Untuk memperkuat keberadaan UMKM diperlukan sinergi antara bank syariah dengan UMKM itu sendiri. Kontribusi perbankan syariah sangat diharapkan agar peran UMKM dalam menyerap tenaga kerja menjadi maksimal. Data terakhir menunjukkan bahwa sektor UMKM telah memiliki pelaku usaha 51,3 juta unit usaha, menyerap tenaga kerja 97%, menyumbang PDB Rp 2.609 triliun, dan menyumbang devisa sebesar Rp 183,8 triliun. Dengan 11 bank umum syariah (BUS), 23 unit usaha syariah (UUS) dan 151 bank pembiayaan rakyat syariah (BPRS, yang memiliki jaringan kantor 3.073 unit, keberadaan perbankan syariah nasional sangat penting dalam menggandeng UMKM. Dengan pertumbuhan perbankan syariah yang cukup baik, pada akhir tahun 2011 bank syariah mampu  memberikan pembiayaan terhadap UMKM sebesar 46,8%.

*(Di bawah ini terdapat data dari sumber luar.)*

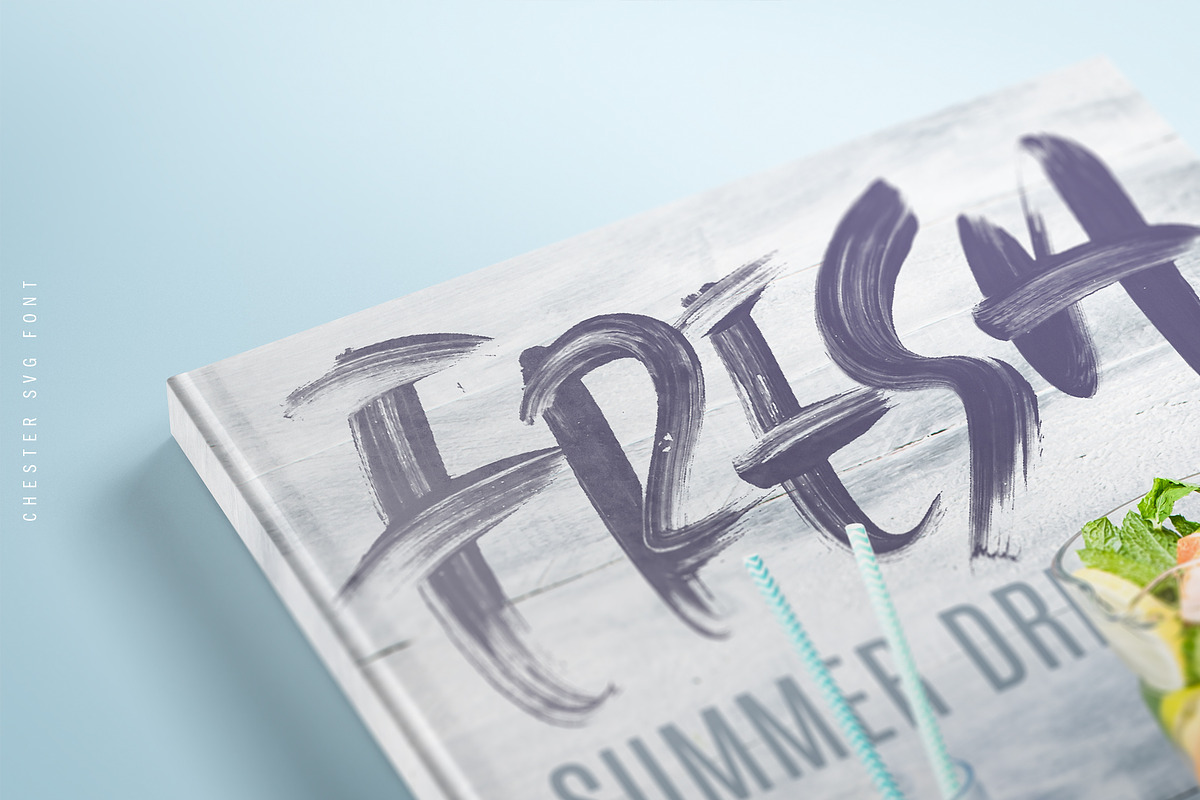 Chester SVG Font preview 4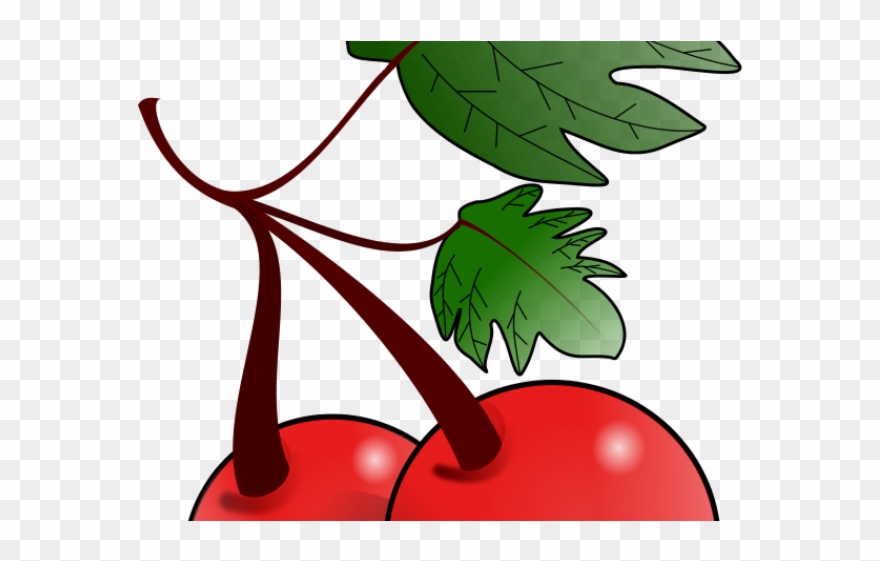 Cherry Tree Clipart Fruit Flower Clipart - Fruit Clip Art - Png Download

Sedangkan jumlah rekening pembiayaan UMKM diperkirakan mencapai 70% dari total rekening pembiayaan perbankan syariah. Berdasarkan data pembiayaan sektornya, saat ini pembiayaan UMKM perbankan syariah terkonsentrasi pada pembiayaan di sektor retail 31,1%, jasa usaha 29,3% dan perdagangan 13,2%. Kinerja tersebut belum termasuk kontribusi UMKM terhadap 151 BPRS yang tersebar di 22 provinsi di Indonesia. Fungsi intermediasi BPRS bagi sektor UMKM sangat optimal yang ditunjukkan dengan angka FDR yang mencapai 128,5%.

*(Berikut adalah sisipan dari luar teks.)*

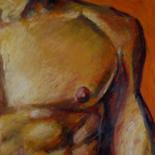 Peinture intitulée "Artist" par Nathalia Chipilova, Œuvre d'art originale, Huile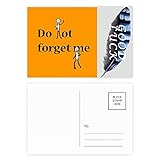 Postkarten-Set mit Aufschrift 'Don't Forget Me Sad', Art Deco, 20 Stück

Dengan demikian, ke depan kita berharap perbankan syariah mampu memberikan kontribusi yang lebih optimal dalam mendorong UMKM. Pada sektor UMKM, diperlukan perbaikan infrastruktur baik bersifat fisik maupun non-fisik, agar sektor tersebut mampu memproduksi dengan efisien. Perbaikan sektor UMKM diharapkan mampu menekan persepsi resiko tinggi yang melekat pada sektor tersebut. Sedangkan pada sisi perbankan syariah diperlukan peningkatan pengetahuan dan keahlian bankir syariah pada dunia UMKM di semua sektornya.[5]

C.     Hambatan
Adapun alasan-alasan yang menghambat bank syariah dalam mengoptimalkan perannya pada sektor UMKM adalah sebagai berikut :
1.    Ketersediaan sumber daya insani yang memahami aspek fikih sekaligus aspek finansial di Indonesia masih sangat terbatas (SDM yang kurang berkualitas),
2.    Sosialisasi tentang bank syariah yang kurang terutama kepada masyarakat lapisan bawah sebagai pemegang peranan penting sektor UMKM
3.    Kurang aktifnya bank syariah dalam pembiayaan,
4.    Kecanggihan teknologi informasi yang masih ketinggalan jika dibandingkan dengan bank konvensional
5.    kebijakan pemerintah terhadap perkembangan bank syariah dinilai laimban karena pemerintahan sendiri masih berpihak pada perbankan konvensional dengan alasan eksistensi bank konvensional selama ini berpengaruh pada perekonomian nasional serta kurangnya pengetahuan pemerintah tentang bank syariah sendiri
6.    adanya asymetris information atau informasi satu arah antara bank syariah dengan nasabah sehingga tidak ada sinkronisasi dalam menjalankan aktivitasnya
7.    adanya penyelewengan tugas oleh pihak bank syariah itu sendiri dikarenakan sumber daya manusia yang diberdayakan dalam bank syariah tersebut berasal dari bank konvensional atau karena pengetahuan yang dimiliki hanya terbatas pada itu-itu saja
8.    peran bank syariah sebagi mitra kerja sektor UMKM yang dinilai belum tuntas artinya bank syariah hanya membantu dalam hal pembiayaan dana saja tetapi tidak turut serta membantu untuk memajukan UMKM dalam meningkatkan pendapatannya.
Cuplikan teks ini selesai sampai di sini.